I've written a script in scrapy to fetch the answers of different questions from a webpage. The problem is the answers are outside the elements I'm currently targeting. I know I could grab them using .next_sibling
if I used for BeautifulSoup
but in case of scrapy I can't find any idea.
Html elements are like:
<p>
<b>
<span class="blue">
Q:1-The NIST Information Security and Privacy Advisory Board (ISPAB) paper "Perspectives on Cloud Computing and Standards" specifies potential advantages and disdvantages of virtualization. Which of the following disadvantages does it include?
</span>
<br/>
Mark one answer:
</b>
<br/>
<input name="quest1" type="checkbox" value="1"/>
It initiates the risk that malicious software is targeting the VM environment.
<br/>
<input name="quest1" type="checkbox" value="2"/>
It increases overall security risk shared resources.
<br/>
<input name="quest1" type="checkbox" value="3"/>
It creates the possibility that remote attestation may not work.
<br/>
<input name="quest1" type="checkbox" value="4"/>
All of the above
</p>
I've tried so far with:
import requests
from scrapy import Selector
url = "https://www.test-questions.com/csslp-exam-questions-01.php"

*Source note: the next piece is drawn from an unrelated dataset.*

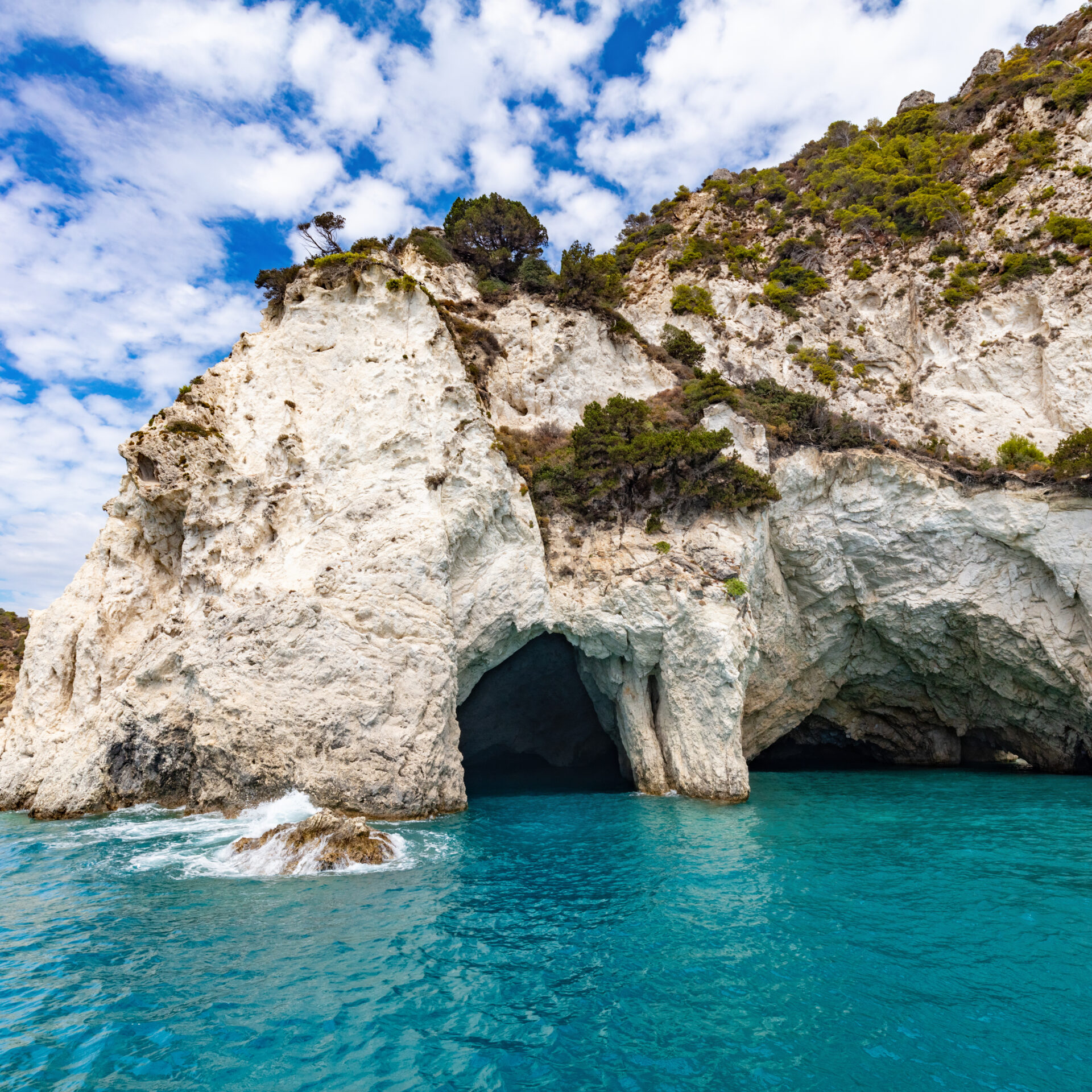 Keri Caves, Zakynthos | Griechenland.de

res = requests.get(url,headers={"User-Agent":"Mozilla/5.0"})
sel = Selector(res)
for item in sel.css("[name^='quest']::text").getall():
print(item)
The above script prints nothing when exected, It throws no error either.
One of the expected output from above pasted html elements is:
It initiates the risk that malicious software is targeting the VM environment.
I'm only after any css selector solution.
How can I grab the answers of different question from that site?